Agir d’une manière honnête et professionnelle
Cette formulation paraphrase le devoir de tout professionnel de se comporter de manière diligente et prudente. La diligence professionnelle est définie, pour le Livre VI, à l’article I.8., 25°, comme
. Le CDE interdit les pratiques «contraires aux exigences de la diligence professionnelle» (VI.93, CDE) qualifiées de «pratiques déloyales». Le comportement honnête et professionnel exigé par l’article VII.130 confirme donc en matière de crédit hypothécaire, ce que le CDE, Livre VI, exige de tout professionnel.
Agir d’une manière équitable et en tenant compte des intérêts des consommateurs
On considère en droit commun que le professionnel doit, dans une certaine mesure s’informer des besoins du consommateur et en tenir compte dans l’offre de contracter qu’il lui adresse ensuite.
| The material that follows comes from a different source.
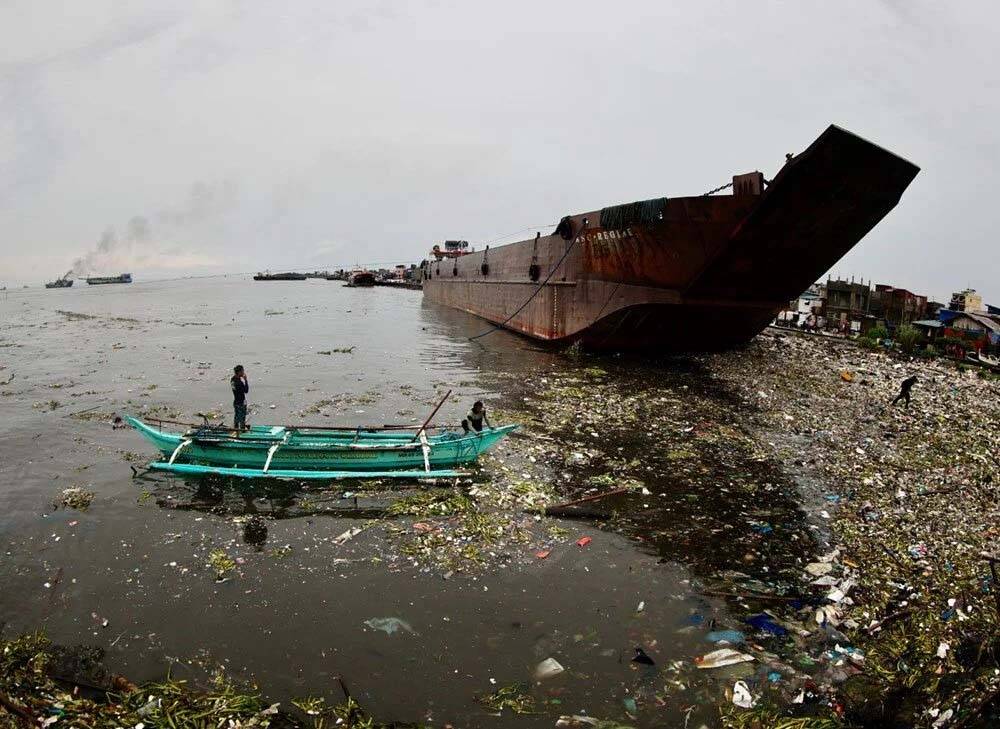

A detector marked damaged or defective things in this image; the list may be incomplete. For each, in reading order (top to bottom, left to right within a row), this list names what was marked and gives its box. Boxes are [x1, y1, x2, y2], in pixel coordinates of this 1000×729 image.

rusty ship hull [418, 125, 916, 352]
rusty hull plating [418, 126, 916, 354]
Dans les crédits réglementés, le devoir de tenir compte de l’intérêt du consommateur va au-delà des principes dégagés en droit commun et singulièrement des règles reprises au livre VI du Code de droit économique. Compte tenu des spécificités du crédit et des services financiers, il est donc imposé aux professionnels d’accorder une attention particulière aux besoins exprimés par le consommateur (ce qui implique l'obligation de l’interroger à cet égard).
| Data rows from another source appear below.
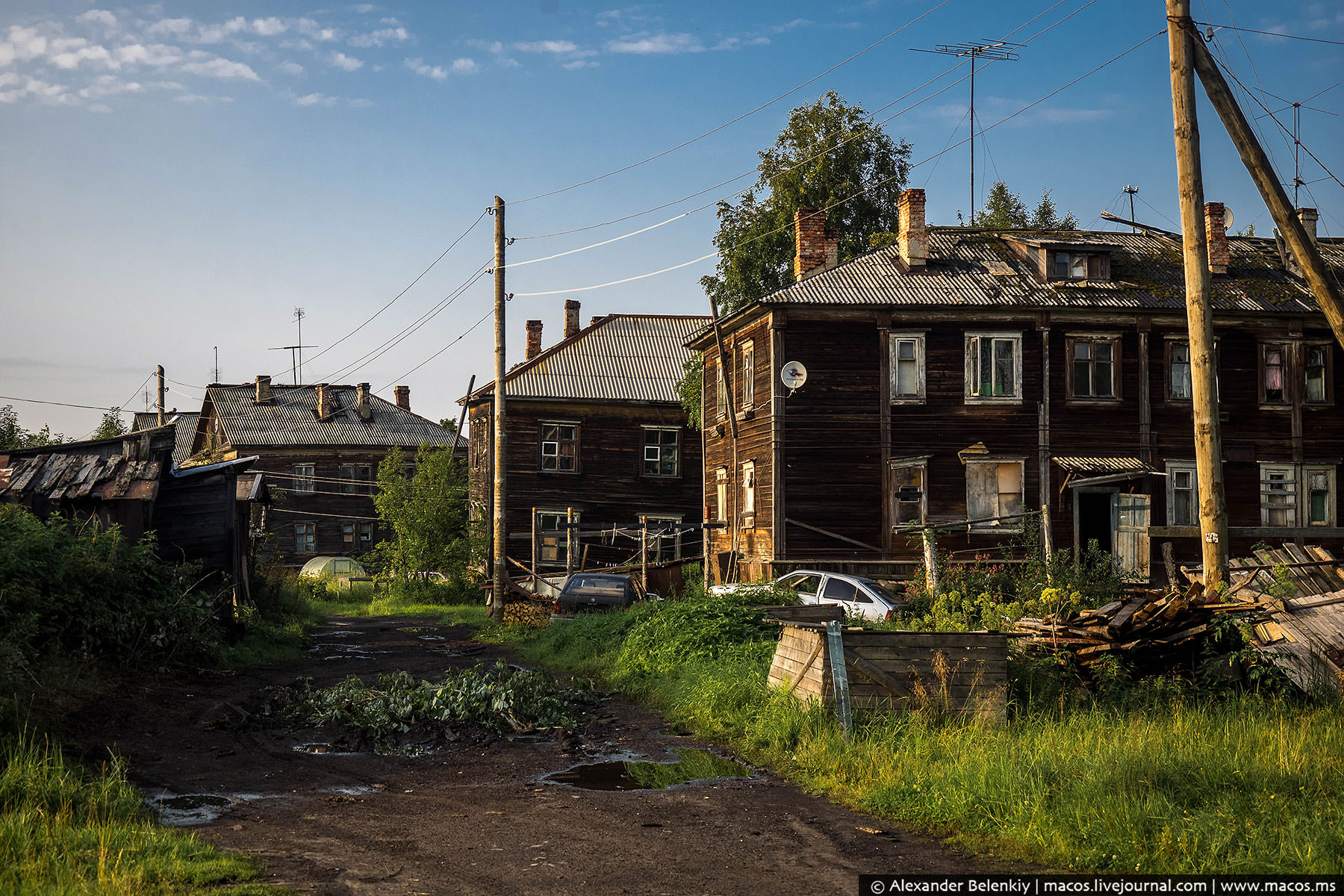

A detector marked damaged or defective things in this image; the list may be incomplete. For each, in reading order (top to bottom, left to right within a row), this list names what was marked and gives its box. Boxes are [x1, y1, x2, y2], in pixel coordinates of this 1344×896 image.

rusty metal roof [763, 228, 1338, 315]
rusty metal roof [470, 311, 709, 402]
rusty metal roof [0, 427, 175, 505]
rusty metal roof [132, 414, 200, 470]
rusty metal roof [202, 387, 457, 451]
Il est impossible de définir le concept du comportement équitable et qui tient compte des intérêts des consommateurs autrement que par une énumération d’applications exemplatives. Le considérant 31 de la directive en fournit quelques exemples: Il s’agit notamment de "tenir compte des informations sur la situation et les besoins du consommateur, de se fonder sur des hypothèses raisonnables quant aux risques pour la situation du consommateur sur la durée du contrat de crédit proposé, de s’abstenir de commercialiser un crédit d’une façon qui altère ou est susceptible d’altérer sensiblement la capacité du consommateur à réfléchir avec soin à la contraction d’un crédit, ou de ne pas utiliser l’octroi d’un crédit comme méthode principale de commercialisation lors de la commercialisation de biens, de services ou de biens immobiliers auprès des consommateurs ». Ce même considérant souligne l’ambition de la directive « d’exiger du secteur un haut degré d’équité, d’honnêteté et de professionnalisme, une gestion adéquate des conflits d’intérêts, notamment ceux découlant de la rémunération, ainsi que des conseils prodigués au mieux des intérêts du consommateur".
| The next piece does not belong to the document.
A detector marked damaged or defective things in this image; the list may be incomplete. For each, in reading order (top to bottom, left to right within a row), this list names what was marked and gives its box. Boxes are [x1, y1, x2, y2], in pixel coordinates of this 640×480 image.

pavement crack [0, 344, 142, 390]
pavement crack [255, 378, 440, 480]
Le devoir de prise en compte des intérêts des consommateurs tel qu’il se trouve repris dans la norme générale se concrétise à divers endroits dans les dispositions sur le crédit hypothécaire (voy. par ex. l’article VII.131, § 5, sur le devoir de conseil, ou l'article VII.133, § 2 , qui impose au prêteur de n’accorder un crédit que s’il doit raisonnablement estimer que le consommateur sera à même de rembourser le crédit).
Il ne s’agit pas seulement d’une règle de conduite dans les contacts individuels avec les emprunteurs, c’est aussi un devoir qui s’applique à l’ensemble de l’activité du prêteur (ou de l’intermédiaire en crédit) hypothécaire en général. Le CDE impose ainsi au prêteur d’adopter une politique de rémunération qui n’encourage pas une prise de risque excédant le niveau qu’il a fixé ou qui ne porte pas préjudice à la capacité du personnel de fournir des conseils indépendants, par exemple en faisant dépendre la rémunération d’objectifs de vente (VII.147/30, § 6, CDE). Ces dispositions constituent une application du principe et n’épuisent pas la norme; c’est bien d’une ligne de conduite générale qu’il s’agit, laquelle doit être suivie par les professionnels et appréciée in concreto dans toutes leurs activités.
Agir d'une manière transparente
Enfin, les professionnels doivent agir d’une manière transparente. La norme générale ajoute un critère au devoir de comportement diligent et prudent du droit commun. Dans la réglementation financière, la transparence est un concept généralement associé à l’existence d’un conflit entre les avantages occultes ou indirects que le professionnel retire d’une opération et l’information complète ou le conseil indépendant que le consommateur est en droit de recevoir pour prendre la décision de contracter. C’est également le cas dans la directive 2014/17/UE. La directive l’évoque au considérant 47 en ce qui concerne les intermédiaires de crédits que, dans ce but de transparence, elle soumet à l’obligation de fournir des informations sur les liens qu’ils entretiennent avec les prêteurs et les commissions que ceux-ci leur paient. C’est ainsi que l’article VII.128, § 1er, 5°, oblige l’intermédiaire à signaler «en temps voulu» c’est-à-dire en tout cas avant la conclusion du contrat, l’existence de commissions et d’autres incitations reçues du prêteur ou d’autres tiers. Si le montant n’en est pas connu au début des contacts, il doit, au minimum, être renseigné dans l’ESIS. De même sur demande du consommateur, le courtier de crédit doit lui communiquer les niveaux de commissions qu’il perçoit des différents prêteurs avec lesquels il travaille.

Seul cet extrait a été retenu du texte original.